[Web page caption snippets]
* * *

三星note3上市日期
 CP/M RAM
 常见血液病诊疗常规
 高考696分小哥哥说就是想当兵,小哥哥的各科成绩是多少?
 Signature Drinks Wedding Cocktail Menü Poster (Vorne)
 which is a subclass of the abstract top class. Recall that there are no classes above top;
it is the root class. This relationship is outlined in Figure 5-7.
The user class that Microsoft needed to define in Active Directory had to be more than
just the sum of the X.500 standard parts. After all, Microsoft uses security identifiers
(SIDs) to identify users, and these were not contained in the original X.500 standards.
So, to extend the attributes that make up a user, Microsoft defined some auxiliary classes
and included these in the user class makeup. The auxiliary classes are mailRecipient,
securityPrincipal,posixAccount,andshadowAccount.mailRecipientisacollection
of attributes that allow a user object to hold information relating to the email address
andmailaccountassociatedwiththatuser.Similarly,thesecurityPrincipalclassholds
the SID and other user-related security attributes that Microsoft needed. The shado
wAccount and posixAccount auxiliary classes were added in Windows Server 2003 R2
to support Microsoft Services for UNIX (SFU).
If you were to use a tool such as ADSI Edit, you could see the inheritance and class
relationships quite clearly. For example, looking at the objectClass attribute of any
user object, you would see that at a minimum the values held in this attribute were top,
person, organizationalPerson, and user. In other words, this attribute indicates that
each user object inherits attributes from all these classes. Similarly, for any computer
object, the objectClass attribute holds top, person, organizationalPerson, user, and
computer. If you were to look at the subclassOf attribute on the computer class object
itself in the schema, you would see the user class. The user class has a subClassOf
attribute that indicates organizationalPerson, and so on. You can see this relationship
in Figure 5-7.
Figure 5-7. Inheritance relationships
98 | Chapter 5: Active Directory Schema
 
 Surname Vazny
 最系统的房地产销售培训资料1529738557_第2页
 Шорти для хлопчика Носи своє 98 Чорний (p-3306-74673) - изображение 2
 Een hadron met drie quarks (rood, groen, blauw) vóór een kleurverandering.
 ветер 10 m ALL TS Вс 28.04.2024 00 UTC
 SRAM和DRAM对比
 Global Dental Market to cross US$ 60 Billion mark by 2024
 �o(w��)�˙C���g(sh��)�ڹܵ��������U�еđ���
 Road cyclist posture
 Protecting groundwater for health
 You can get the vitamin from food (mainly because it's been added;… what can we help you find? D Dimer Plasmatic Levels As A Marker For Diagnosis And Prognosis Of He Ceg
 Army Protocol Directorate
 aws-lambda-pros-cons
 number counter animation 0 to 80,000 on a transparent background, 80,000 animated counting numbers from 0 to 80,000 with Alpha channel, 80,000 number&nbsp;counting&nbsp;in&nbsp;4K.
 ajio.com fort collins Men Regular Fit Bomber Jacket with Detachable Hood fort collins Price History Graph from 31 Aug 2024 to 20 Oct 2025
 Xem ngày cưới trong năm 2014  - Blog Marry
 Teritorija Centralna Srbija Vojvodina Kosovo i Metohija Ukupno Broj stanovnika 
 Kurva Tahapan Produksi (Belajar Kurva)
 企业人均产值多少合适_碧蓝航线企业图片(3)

* * *

Work to complete >>
All lines above from the one with "attribute that indicates" to the one with "最系统的房地产销售培训资料1529738557_第2页", inclusive, should be copied exactly, and no other lines.

Answer below >>
attribute that indicates organizationalPerson, and so on. You can see this relationship
in Figure 5-7.
Figure 5-7. Inheritance relationships
98 | Chapter 5: Active Directory Schema
 
 Surname Vazny
 最系统的房地产销售培训资料1529738557_第2页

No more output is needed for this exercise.